=== MATERIAL PROVIDED ===

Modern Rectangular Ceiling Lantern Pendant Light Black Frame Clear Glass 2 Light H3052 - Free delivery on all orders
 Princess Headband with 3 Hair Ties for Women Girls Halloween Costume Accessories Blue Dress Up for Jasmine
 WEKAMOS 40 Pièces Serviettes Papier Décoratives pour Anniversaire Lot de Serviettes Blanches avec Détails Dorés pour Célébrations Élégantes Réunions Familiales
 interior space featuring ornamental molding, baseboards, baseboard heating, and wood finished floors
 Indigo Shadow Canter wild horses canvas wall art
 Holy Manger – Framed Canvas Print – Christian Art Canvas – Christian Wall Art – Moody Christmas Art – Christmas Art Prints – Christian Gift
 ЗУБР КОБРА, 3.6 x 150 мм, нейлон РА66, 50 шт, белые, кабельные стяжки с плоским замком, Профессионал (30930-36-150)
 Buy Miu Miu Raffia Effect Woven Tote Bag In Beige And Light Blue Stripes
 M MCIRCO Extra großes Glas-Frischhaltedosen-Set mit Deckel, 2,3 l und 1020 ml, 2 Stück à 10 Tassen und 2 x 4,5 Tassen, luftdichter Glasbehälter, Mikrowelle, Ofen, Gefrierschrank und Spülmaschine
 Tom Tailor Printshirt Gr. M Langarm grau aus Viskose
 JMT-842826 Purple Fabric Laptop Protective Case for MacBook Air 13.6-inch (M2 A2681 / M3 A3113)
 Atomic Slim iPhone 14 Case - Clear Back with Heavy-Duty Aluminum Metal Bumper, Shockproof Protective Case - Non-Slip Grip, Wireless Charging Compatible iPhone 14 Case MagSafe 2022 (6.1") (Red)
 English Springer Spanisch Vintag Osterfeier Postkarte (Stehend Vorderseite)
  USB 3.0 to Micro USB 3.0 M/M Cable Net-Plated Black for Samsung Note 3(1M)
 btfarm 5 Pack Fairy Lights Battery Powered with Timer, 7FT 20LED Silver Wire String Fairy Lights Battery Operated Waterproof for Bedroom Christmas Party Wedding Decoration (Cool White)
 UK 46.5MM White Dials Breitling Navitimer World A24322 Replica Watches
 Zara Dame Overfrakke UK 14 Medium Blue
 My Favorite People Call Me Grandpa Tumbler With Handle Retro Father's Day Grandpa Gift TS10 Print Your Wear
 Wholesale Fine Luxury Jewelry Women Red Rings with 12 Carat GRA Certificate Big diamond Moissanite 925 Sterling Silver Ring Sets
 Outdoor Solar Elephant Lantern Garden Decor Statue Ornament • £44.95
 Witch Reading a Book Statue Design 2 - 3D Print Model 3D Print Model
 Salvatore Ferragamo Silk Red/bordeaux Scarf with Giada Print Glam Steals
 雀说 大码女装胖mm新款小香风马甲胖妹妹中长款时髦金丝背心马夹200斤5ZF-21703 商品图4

===

#### EXERCISE INSTRUCTIONS
The line containing "Zara Dame Overfrakke UK 14 Medium Blue" marks the end: copy exactly every line from the top of the data above down to it, that line included.

#### FINISHED TASK
Modern Rectangular Ceiling Lantern Pendant Light Black Frame Clear Glass 2 Light H3052 - Free delivery on all orders
 Princess Headband with 3 Hair Ties for Women Girls Halloween Costume Accessories Blue Dress Up for Jasmine
 WEKAMOS 40 Pièces Serviettes Papier Décoratives pour Anniversaire Lot de Serviettes Blanches avec Détails Dorés pour Célébrations Élégantes Réunions Familiales
 interior space featuring ornamental molding, baseboards, baseboard heating, and wood finished floors
 Indigo Shadow Canter wild horses canvas wall art
 Holy Manger – Framed Canvas Print – Christian Art Canvas – Christian Wall Art – Moody Christmas Art – Christmas Art Prints – Christian Gift
 ЗУБР КОБРА, 3.6 x 150 мм, нейлон РА66, 50 шт, белые, кабельные стяжки с плоским замком, Профессионал (30930-36-150)
 Buy Miu Miu Raffia Effect Woven Tote Bag In Beige And Light Blue Stripes
 M MCIRCO Extra großes Glas-Frischhaltedosen-Set mit Deckel, 2,3 l und 1020 ml, 2 Stück à 10 Tassen und 2 x 4,5 Tassen, luftdichter Glasbehälter, Mikrowelle, Ofen, Gefrierschrank und Spülmaschine
 Tom Tailor Printshirt Gr. M Langarm grau aus Viskose
 JMT-842826 Purple Fabric Laptop Protective Case for MacBook Air 13.6-inch (M2 A2681 / M3 A3113)
 Atomic Slim iPhone 14 Case - Clear Back with Heavy-Duty Aluminum Metal Bumper, Shockproof Protective Case - Non-Slip Grip, Wireless Charging Compatible iPhone 14 Case MagSafe 2022 (6.1") (Red)
 English Springer Spanisch Vintag Osterfeier Postkarte (Stehend Vorderseite)
  USB 3.0 to Micro USB 3.0 M/M Cable Net-Plated Black for Samsung Note 3(1M)
 btfarm 5 Pack Fairy Lights Battery Powered with Timer, 7FT 20LED Silver Wire String Fairy Lights Battery Operated Waterproof for Bedroom Christmas Party Wedding Decoration (Cool White)
 UK 46.5MM White Dials Breitling Navitimer World A24322 Replica Watches
 Zara Dame Overfrakke UK 14 Medium Blue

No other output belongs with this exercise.